"Is he in the habit of associating with pugilists?"
Pete sighed and hesitated.
"If it's just between us, miss, why I'll say that he has his friends among such people. It's a very shocking thing; I've done my best to keep it away from his aunt. So far I think I've succeeded. I've tried very hard to persuade him to change his ways. I've labored with him; I've tried to get his mind turned to different things."
"Theology?" suggested Mary.
"Exactly," answered the valet. "But it's not an easy matter, miss. Mr. William is very set in his ways."
"But I thought you had told his aunt that he was interested in higher things."
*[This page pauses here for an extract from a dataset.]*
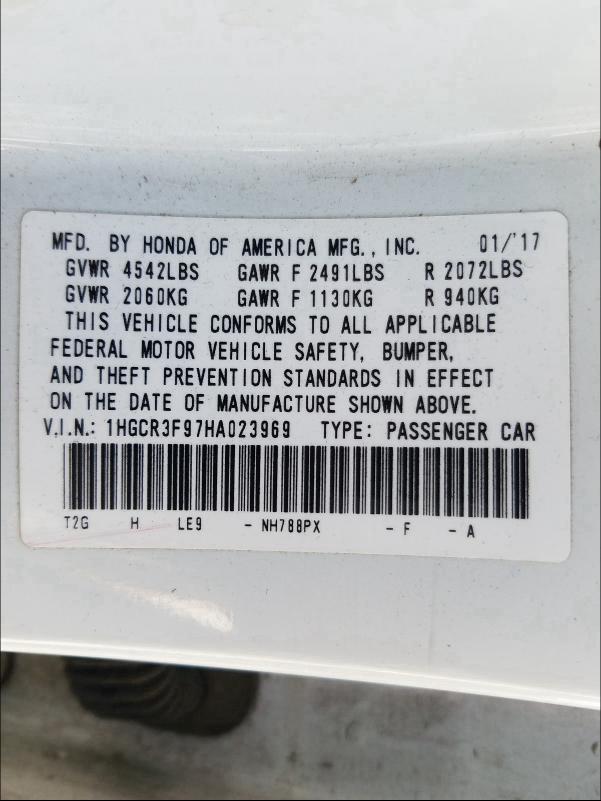 2017 HONDA ACCORD TOU 1HGCR3F97HA023969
"To encourage her," said Pete, glibly. "It was not what you'd call a falsehood. There had been times when he seemed interested, but never for very long. Still, I've always had hopes. His aunt is good enough to believe that I have a desirable influence over him. I hope it's true; I hope so."
It always puzzled Mary when the valet pursued this strain, and it puzzled her now. Ninety-nine out of a hundred men who talked thus she would have classed as hypocrites, but Pete did not seem to her to be exactly that. She viewed all his excellent protestations askance, yet she was not satisfied that hypocrisy was the true explanation.
"It seems a shame," he continued, "that it was necessary to bring you into touch with such an affair as to-night's. I wouldn't have thought of it if there had been any other way. I knew that you would be very much shocked, miss; very much surprised, too."
He watched her so closely that Mary wondered if he really suspected the truth—that she was neither quite so much shocked nor surprised as both he and Bill seemed to believe. That was her own secret and she intended to guard it at all costs.